Washington here: Dead last and winless in the last four, Washington presents a terrific opportunity to beat a visiting team senseless and swagger off with all three.  Let’s call this one 2 out of 3 (or, to put it another way, an 66% chance of a win).

@ Boston: Only a point above the Spirit, winless in their last five, and 3-4-3 at home.  Without Lavelle turning into the traditional Breakers trainwreck.  But away, so lets call it 2 of 3.

@ Orlando: The match I’m most worried about.  Orlando has found a terrific run of form; unbeaten in the last five and wins in the last four.  I’d love all three but I’m guessing a draw.  1 of 3.

Chicago here: Probably the hardest to suss out, both due to time-distance and because the Red Stars are a bit of an enigma wrapped inside a riddle.  Are they the team that lost three of their last four, including to Portland?  Or are they the team that just beat Washington and have beaten Carolina twice?  Let’s assume that the homefield advantage gives PTFC a good chance to take 2 of 3.

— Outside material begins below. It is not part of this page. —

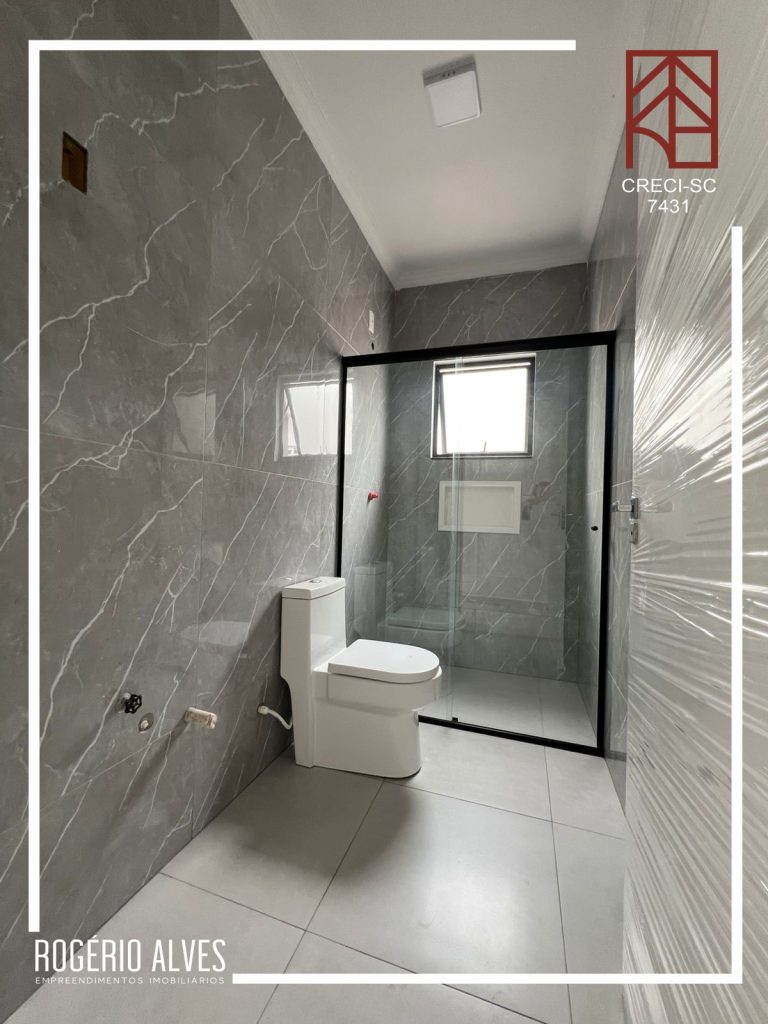 Casa A – Nova Stettin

So let’s assume something like 7 out of a possible 12, giving PTFC 44 points at the end of the regular season.

Carolina would need to get less than 1 point per game from their remaining 6 matches to finish below that, so I think we can assume that the Courage take this season’s Shield.

On the other hand…both Chicago and Orlando would need to take all 12 points from their remaining four matches.  And even then, Portland would own the head-to-headtiebreaker over Chicago, and Orlando would have to beat Portland by more than 2 goals to finish second.

So…now the objective is to:

1) take as many points as possible to ensure a top-two finish and a semifinal, and

2) hope that Chicago finishes above Orlando so that PTFC draws them in the semifinal.

Because, just like Western New York last season, I don’t like the Orlando matchup as a route to the final.

So c’mon, you Girls in Red; let’s start by whipping these Maryland wenches Spiritless.